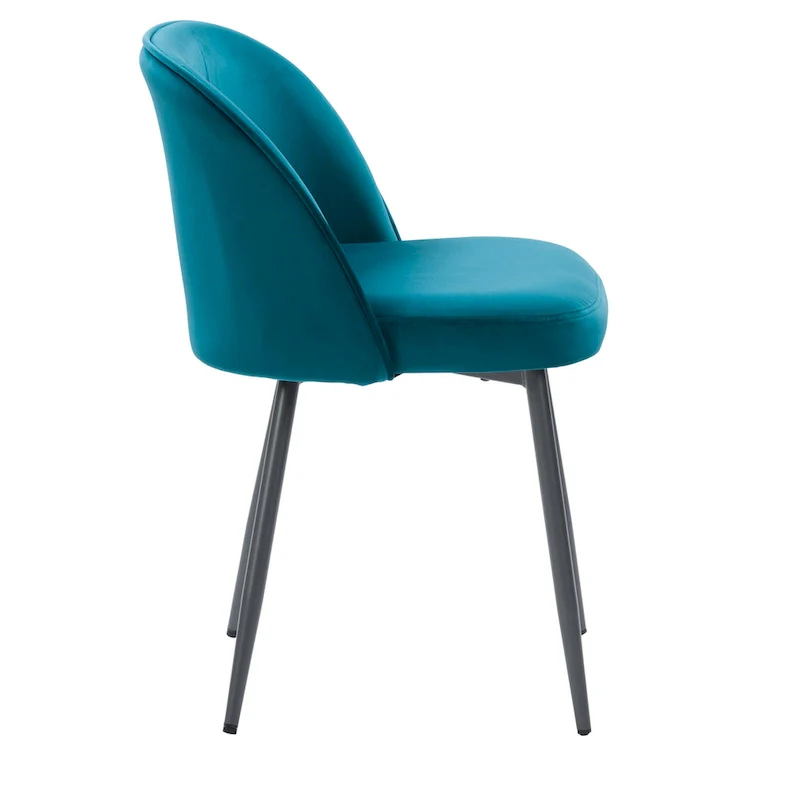 Blue / Teal / Beige Velvet Upholstered Dining Chair – Single Seat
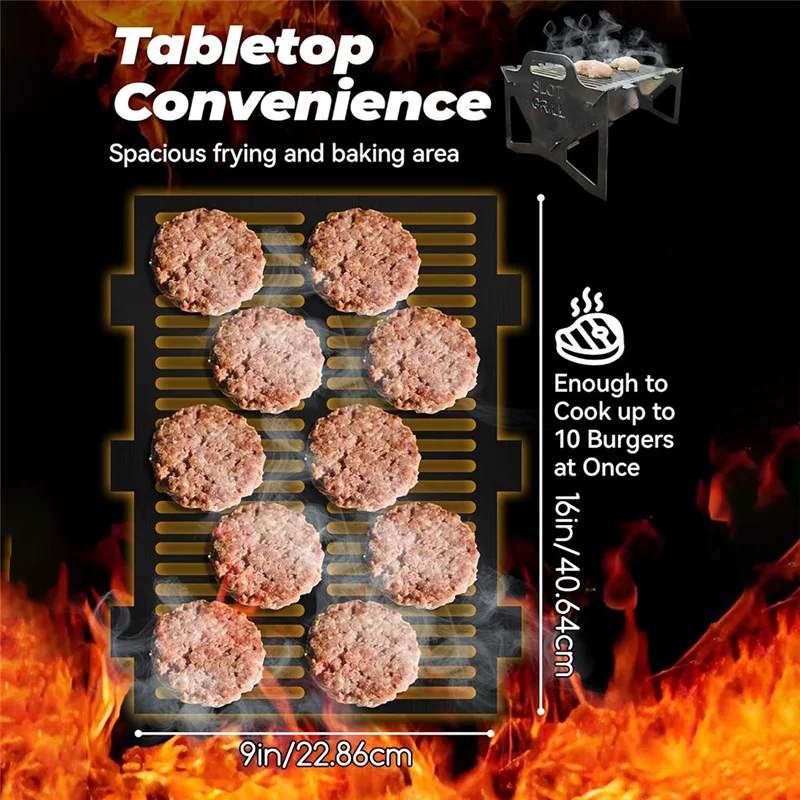 B08B-Slot Grills Foldable BBQ Grills Outdoor Small Folding Metal Grills Thickened Quick Assembly For Camping Picnic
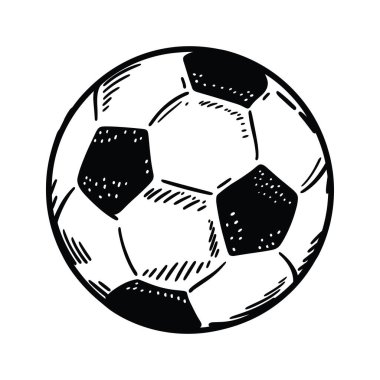 Çizim stili spor tasarımında el çizimi futbol topu illüstrasyonu
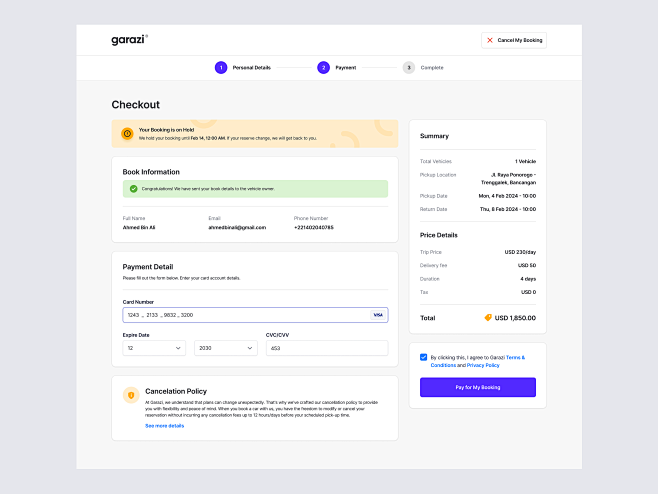 Garazi - Checkout Pr...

_WORK ITEM:_ Reproduce the listing word for word, but keep the pictures out of it.

_REPLY TO THE TASK:_
 Blue / Teal / Beige Velvet Upholstered Dining Chair – Single Seat
 B08B-Slot Grills Foldable BBQ Grills Outdoor Small Folding Metal Grills Thickened Quick Assembly For Camping Picnic
 Çizim stili spor tasarımında el çizimi futbol topu illüstrasyonu
 Garazi - Checkout Pr...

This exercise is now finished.